In 1972 a relatively standardized process for producing PuErh was developed by Menghai Tea Factory and Kunming Tea Factory in Yunnan province. It’s called “wet piling” in English, which involves piling, dampening, and turning the tea leaves in a manner composting.
PuErh tea is renowned for its medicinal qualities. Unlike other teas, Pu-erh’s quality and taste improves with age. Its taste is often described as earthy but some very well aged Pu-erh produce cups of incredibly smooth and wonderfully complex beverage.

Black tea
Black Jade Taiwan tea at about 95% is a fully oxidized tea. It is said to have notes of cinnamon and mint.

Raw or oxidized tea, what’s the difference?
Producing raw tea, partially oxidized, or fully cooked tea all depends on a third major process: “kill-green” or fixation.
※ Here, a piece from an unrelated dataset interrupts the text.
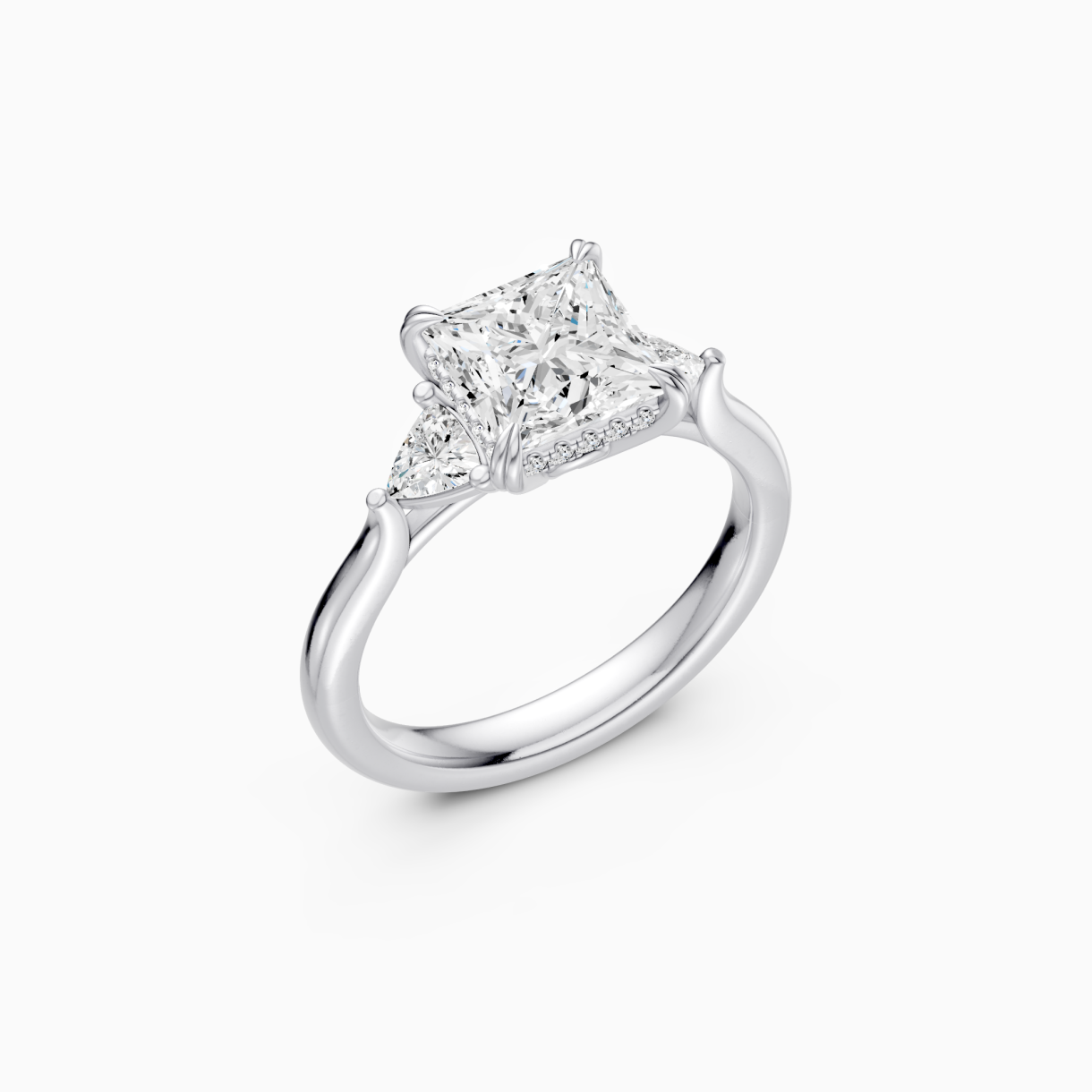White gold ring with diamond Signature <span>3004</span>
Tea leaves are ‘fired’ (heated in pans) or steamed before they completely dry out
A very important natural process called the “Maillard reaction” (a chemical reaction between an amino acid and a reducing sugar) was started during the oxidation process. Fixation can intensify the process for a short time before determining where the reactions stop. This is the basic cornerstone in the formation of a tea’s unique collection of taste and aroma compounds, which give a tea its liquor colour, strength, and briskness.
Another purpose of baking is to reduce the moisture content of tea leaves, lending it a natural sweet taste. Only partially oxidized tea such as Oolong, Iron Goddess of Mercy and Oriental Beauty tea use this process. This step is omitted when seeking the natural flavor of green tea or black tea.
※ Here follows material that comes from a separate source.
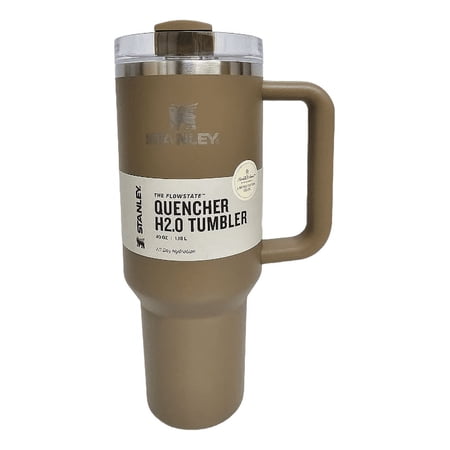 Stanley 40oz Stainless Steel H2.0 Flowstate Quencher Tumbler - Hearth & Hand™ with Magnolia - Basic Brown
Raw tea is both partially oxidized and lightly baked to kill-green. Theophylline and caffeine levels are greater in raw tea. According to Traditional Chinese Medicine (TCM) raw tea is a cooling substance. Medium roasting changes tea into a warming and soothing substance, as found in Iron Goddess of Mercy tea.

Hopefully this article has simplified the true complexity of tea production and tea drinking without losing its meaning. Maybe the next time you drink a cup of Chinese tea you will have a deeper understanding of how its taste has developed. With so many different varieties there are so many different tastes. Try to sample some different varieties and find one that you really like.

Tea drinker in Taiwan or China make a point of buying loose leaf tea leaves of a least mid-grade quality. Low quality tea, like all green tea packaged in tea bags, and some very cheap loose tea has an unpleasant taste. It may be that you have tried green tea before and not enjoyed it because the quality was poor. Steeping time is important too.

I hope you enjoy your next cup of Chinese tea!